There, it looks up the requested token in the "Tokens" view and, if present, returns a record indicating that token and the user it was created for. The latter is then returned by the above Domino-custom GoogleAccountTokenHandler as the authoritative validated user. In turn, the JEE NotesDirectoryIdentityStore considers the credential validation successful and returns it back to the auth mechanism. Finally, the TokenAuthentication up there sees the successful validation and notifies the container about the user that the token mapped to.

Summary

So that turned into something of a long walk at the end there, but the result is really neat: as far as my app is concerned, the "GoogleLogin" tokens - as looked up in an NSF - are just as good as username/password authentication. Anything that calls httpServletRequest.getUserPrincipal() will see the username from the token, and I also use this result to spawn the Domino session object for each request.

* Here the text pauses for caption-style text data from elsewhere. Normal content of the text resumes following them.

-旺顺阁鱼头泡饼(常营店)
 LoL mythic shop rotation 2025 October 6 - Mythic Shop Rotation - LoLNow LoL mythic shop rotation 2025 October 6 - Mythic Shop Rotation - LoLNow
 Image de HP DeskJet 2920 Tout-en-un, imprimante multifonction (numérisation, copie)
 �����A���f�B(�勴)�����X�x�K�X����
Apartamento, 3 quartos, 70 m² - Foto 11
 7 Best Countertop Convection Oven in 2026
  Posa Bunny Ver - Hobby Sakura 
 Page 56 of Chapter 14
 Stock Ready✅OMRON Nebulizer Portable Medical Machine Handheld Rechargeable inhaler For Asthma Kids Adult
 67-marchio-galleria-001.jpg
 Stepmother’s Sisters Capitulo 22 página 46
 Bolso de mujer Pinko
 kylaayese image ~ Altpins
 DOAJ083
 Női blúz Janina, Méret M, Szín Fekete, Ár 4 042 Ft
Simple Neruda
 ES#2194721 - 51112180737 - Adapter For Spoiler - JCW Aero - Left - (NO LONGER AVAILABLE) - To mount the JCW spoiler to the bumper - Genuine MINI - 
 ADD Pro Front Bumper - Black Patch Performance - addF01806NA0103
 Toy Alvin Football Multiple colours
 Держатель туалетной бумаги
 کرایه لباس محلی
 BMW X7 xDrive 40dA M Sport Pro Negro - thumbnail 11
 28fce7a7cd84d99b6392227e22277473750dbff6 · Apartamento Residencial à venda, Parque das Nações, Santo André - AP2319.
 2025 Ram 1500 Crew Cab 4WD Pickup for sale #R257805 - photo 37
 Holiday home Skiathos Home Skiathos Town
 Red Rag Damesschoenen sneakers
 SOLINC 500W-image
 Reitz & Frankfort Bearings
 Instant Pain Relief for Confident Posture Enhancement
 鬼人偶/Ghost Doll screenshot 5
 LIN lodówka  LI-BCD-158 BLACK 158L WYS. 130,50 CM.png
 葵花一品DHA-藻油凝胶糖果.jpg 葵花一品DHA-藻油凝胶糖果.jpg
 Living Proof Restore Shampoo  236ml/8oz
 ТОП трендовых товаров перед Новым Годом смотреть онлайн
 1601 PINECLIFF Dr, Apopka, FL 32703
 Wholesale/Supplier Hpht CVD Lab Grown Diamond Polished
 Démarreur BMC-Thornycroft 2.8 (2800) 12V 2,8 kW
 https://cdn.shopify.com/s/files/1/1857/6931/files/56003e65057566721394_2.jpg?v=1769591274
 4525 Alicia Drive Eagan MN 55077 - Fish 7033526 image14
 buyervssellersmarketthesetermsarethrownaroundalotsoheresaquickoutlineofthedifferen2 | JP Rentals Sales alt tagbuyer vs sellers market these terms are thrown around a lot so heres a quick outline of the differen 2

Once all these pieces are in place, none of the rest of the app has to have any knowledge of it at all. When I implement the API to return the actual RSS feed entries, I'll be able to just use the current user, knowing that it's guaranteed to be properly handled by the rest of the system beforehand.

Bonus: Java 16

This last bit isn't really related to the above, but I just want to gush a bit about newer techs. My plan is to deploy this app using my Open Liberty Runtime, which means I can use any Open Liberty and Java version I want. Java 16 came out recently, so I figured I'd give that a shot. Though I don't think Liberty is officially supported on it yet, it's worked out just fine for my needs so far.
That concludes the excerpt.